Please ensure Javascript is enabled for purposes of website accessibility
Home / News Stories / QDRO Limits Wife's 'Survivor Benefits'

QDRO Limits Wife's 'Survivor Benefits'

Where a qualified domestic relations order awards survivor benefits under a husband’s pension to his ex-wife, the benefits vest only if the husband dies after he has retired, the Court of Appeals of Virginia has ruled.

The QDRO at issue was modeled after the parties’ divorce decree, which provided that the wife would receive her share of the husband’s pension “as such is received by” the husband. On appeal, the wife contended that the trial judge who crafted the QDRO “impermissibly limited” the award of survivor benefits until after the husband had retired.
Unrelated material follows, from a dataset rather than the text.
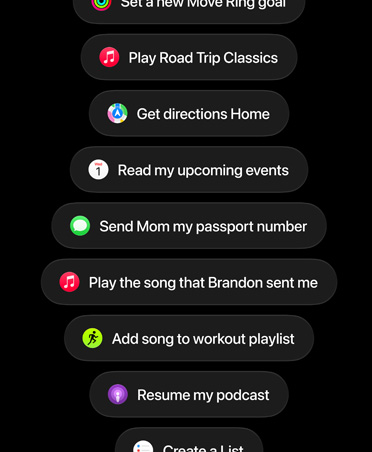 Screen with Siri AI requests, including Set a new Move Ring goal, Play Road Trip Classics, Get directions Home, Read my upcoming events, Send Mom my passport number, Play the song Brandon sent me, Add song to workout playlist, Resume my podcast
The case, says the attorney who represented the husband, is significant because the court has now answered the question of exactly when a former spouse can receive survivor benefits.

“It has given us a definition of survivor benefits and when they can be awarded,” said Joyce M. Henry-Schargorodski of Fairfax. “We’ve now defined survivor benefits as post-retirement survivor benefits.”

The case is Bradley v. Bradley (VLW 002-7-530). Senior Judge Nelson T. Overton wrote the six-page opinion for the court.

Game of survivor

The divorce decree for the husband and wife was entered on Jan. 7, 2000. Under the decree, 35 percent of the husband’s pension in the Oil, Chemical & Atomic International Union, known as the “OCAW pension,” was awarded to the wife. The husband took the remaining 65 percent.

About one year later, the court entered the QDRO. According to Overton, “The QRDO allows wife to receive only post-retirement survivor annuity benefits and does not allow her to receive pre-retirement benefits.” In addition, said Overton, the wife conceded that she didn’t bring up the issue of pre-retirement benefits at trial because she didn’t know such benefits were an option.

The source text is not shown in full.